各家的公子和姑娘们都在侯府的明月楼里歇息。
“走,很快就要放烟花了!”
待听到两刻钟后便要游湖放烟花,所有人都心潮微漾,千金小姐更是互相挽着手,喜笑盈腮的提着灯笼结伴往湖边走去。
阮凝玉跟她的丫鬟早已离开了,座位上早已没了她娇慵的身影。
谢宜温和谢妙云也动身,谢易书起身也要跟她们一块走时,他却突然驻足,回头看向他的堂兄。
他欲言又止,又想起男人已经约了人,只好跟堂妹们离开。
谢凌孑然到湖边,侯府的小厮见他一人前来,因知他的身份,便给他安排了只精致典雅许多的画舫。

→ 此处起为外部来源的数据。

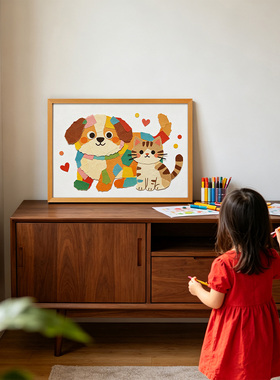 可储存儿童绘画作品画框摆台奖状荣誉证书装裱纪念收纳实木相框
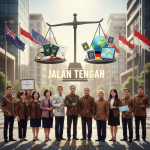 GCI dan Jalan Tengah Kewargaan oleh M. Yunasri Ridhoh (Ilustrasi: Gemini)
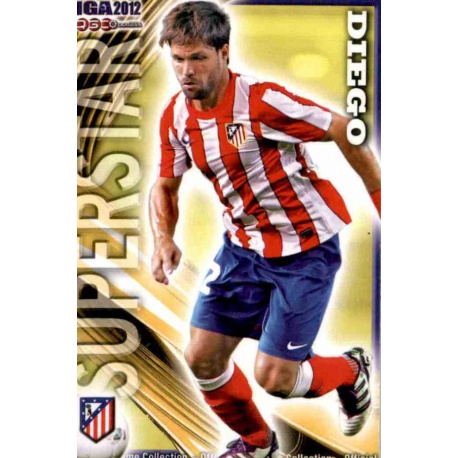 Diego Atlético Madrid 189 Las Fichas de la Liga 2012 Official Quiz Game Collection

谢凌登上画舫,侯府下人不敢多问,给他上了酒和下酒的食物,便退了出去。
画舫还停靠在岸边,船头悬挂的红灯笼随着潮湿的夜风轻轻摇晃。
男人独自拿着白玉酒盅,望着清冷月光照耀下的潋滟湖色,酒液一杯杯入腹,他却渐感孤独寂寥。
与他来侯府的苍山见他隐忍不发的寡言神色。
他犹豫片刻后上前,站在男人的身后,“长孙,要不……属下这就去把表姑娘叫过来。”
虽然苍山隐隐知道了主子的心思,但他还是补了一句。
“表姑娘与小侯爷私会看烟花,实在太不像话了。”
谁知谢凌却重重放下酒盅,凌冽幽暗的眼风骤然犀利刮来,“多此一举,谁教你的?!”
听见他摔酒盅,苍山立刻跪了下去。
“再自作聪明,别怪我不顾主仆情分。”
苍山心跳加速。
他头垂下去,“属下知道了,回去就去领罚。”
谢凌又往酒盅倒了酒。
“出去!”
苍山立即离开。
谢凌已经很久没有喝这么多的酒了。
他在画舫上吹着夜风,手指却一点一点的冻僵。
男人的眼眸凉如所目的夜色。
沈景钰和阮凝玉本就是少年,像他们这样的年龄,本就有着青春的悸动,会经历场轰轰烈烈的感情,并不意外。
谢凌看了眼天边的圆月。
想来表姑娘…现在已经上了小侯爷的画舫,两人会在月色下互相靠着肩膀,等待着今夜的烟花,度过这诗情画意的夜晚……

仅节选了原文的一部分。